EMENTA Recurso extraordinário com repercussão geral. Caso Aída Curi. Direito ao esquecimento. Incompatibilidade com a ordem constitucional. Recurso extraordinário não provido.

1. Recurso extraordinário interposto em face de acórdão por meio do qual a Décima Quinta Câmara Cível do Tribunal de Justiça do Estado do Rio de Janeiro negou provimento a apelação em ação indenizatória que objetivava a compensação pecuniária e a reparação material em razão do uso não autorizado da imagem da falecida irmã dos autores, Aída Curi, no programa Linha Direta: Justiça.
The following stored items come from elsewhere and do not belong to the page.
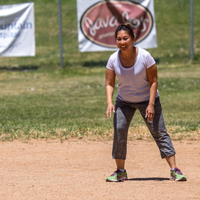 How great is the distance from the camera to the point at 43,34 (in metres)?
19.8

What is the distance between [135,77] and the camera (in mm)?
4297

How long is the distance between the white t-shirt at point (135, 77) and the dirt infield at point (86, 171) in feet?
3.05

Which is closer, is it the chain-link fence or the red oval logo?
the red oval logo

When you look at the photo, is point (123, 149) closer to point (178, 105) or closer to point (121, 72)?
point (121, 72)

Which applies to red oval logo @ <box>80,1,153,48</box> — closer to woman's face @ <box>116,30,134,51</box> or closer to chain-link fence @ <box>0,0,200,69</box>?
chain-link fence @ <box>0,0,200,69</box>

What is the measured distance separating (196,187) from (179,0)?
18.7 meters

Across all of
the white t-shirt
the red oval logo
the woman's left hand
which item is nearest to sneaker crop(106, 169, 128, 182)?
the woman's left hand

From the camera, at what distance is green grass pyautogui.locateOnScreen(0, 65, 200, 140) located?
24.2 ft

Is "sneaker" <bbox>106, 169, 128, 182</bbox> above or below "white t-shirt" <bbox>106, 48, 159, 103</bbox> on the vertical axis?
below

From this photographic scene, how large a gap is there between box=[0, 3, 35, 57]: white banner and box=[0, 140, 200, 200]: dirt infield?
7840mm

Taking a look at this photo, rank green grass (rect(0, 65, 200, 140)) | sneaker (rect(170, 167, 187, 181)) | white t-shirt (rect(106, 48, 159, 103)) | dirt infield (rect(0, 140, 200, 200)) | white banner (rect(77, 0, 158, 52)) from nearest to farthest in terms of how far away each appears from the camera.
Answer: dirt infield (rect(0, 140, 200, 200)) < white t-shirt (rect(106, 48, 159, 103)) < sneaker (rect(170, 167, 187, 181)) < green grass (rect(0, 65, 200, 140)) < white banner (rect(77, 0, 158, 52))

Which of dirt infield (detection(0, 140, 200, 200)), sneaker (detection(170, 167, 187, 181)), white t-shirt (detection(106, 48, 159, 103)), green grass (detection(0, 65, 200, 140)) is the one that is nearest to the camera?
dirt infield (detection(0, 140, 200, 200))

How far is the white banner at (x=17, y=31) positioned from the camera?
1411cm

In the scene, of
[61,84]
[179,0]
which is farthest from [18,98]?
[179,0] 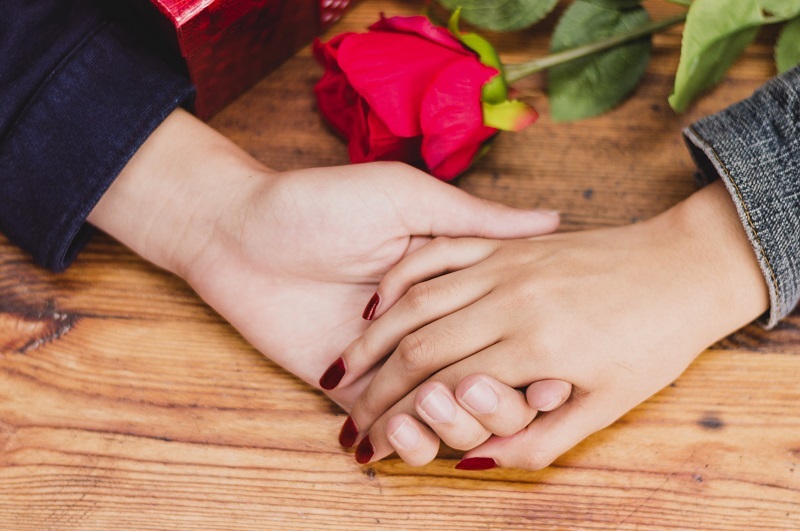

2. Os precedentes mais longínquos apontados no debate sobre o chamado direito ao esquecimento passaram ao largo do direito autônomo ao esmaecimento de fatos, dados ou notícias pela passagem do tempo, tendo os julgadores se valido essencialmente de institutos jurídicos hoje bastante consolidados. A utilização de expressões que remetem a alguma modalidade de direito a reclusão ou recolhimento, como droit a l’oubli ou right to be let alone, foi aplicada de forma discreta e muito pontual, com significativa menção, ademais, nas razões de decidir, a direitos da personalidade/privacidade. Já na contemporaneidade, campo mais fértil ao trato do tema pelo advento da sociedade digital, o nominado direito ao esquecimento adquiriu roupagem diversa, sobretudo após o julgamento do chamado Caso González pelo Tribunal de Justiça Europeia, associando-se o problema do esquecimento ao tratamento e à conservação de informações pessoais na internet.
3. Em que pese a existência de vertentes diversas que atribuem significados distintos à expressão direito ao esquecimento, é possível identificar elementos essenciais nas diversas invocações, a partir dos quais se torna possível nominar o direito ao esquecimento como a pretensão apta a impedir a divulgação, seja em plataformas tradicionais ou virtuais, de fatos ou dados verídicos e licitamente obtidos, mas que, em razão da passagem do tempo, teriam se tornado descontextualizados ou destituídos de interesse público relevante.
4. O ordenamento jurídico brasileiro possui expressas e pontuais previsões em que se admite, sob condições específicas, o decurso do tempo como razão para supressão de dados ou informações, em circunstâncias que não configuram, todavia, a pretensão ao direito ao esquecimento. Elas se relacionam com o efeito temporal, mas não consagram um direito a que os sujeitos não sejam confrontados quanto às informações do passado, de modo que eventuais notícias sobre esses sujeitos – publicadas ao tempo em que os dados e as informações estiveram acessíveis – não são alcançadas pelo efeito de ocultamento. Elas permanecem passíveis de circulação se os dados nelas contidos tiverem sido, a seu tempo, licitamente obtidos e tratados. Isso porque a passagem do tempo, por si só, não tem o condão de transmutar uma publicação ou um dado nela contido de lícito para ilícito.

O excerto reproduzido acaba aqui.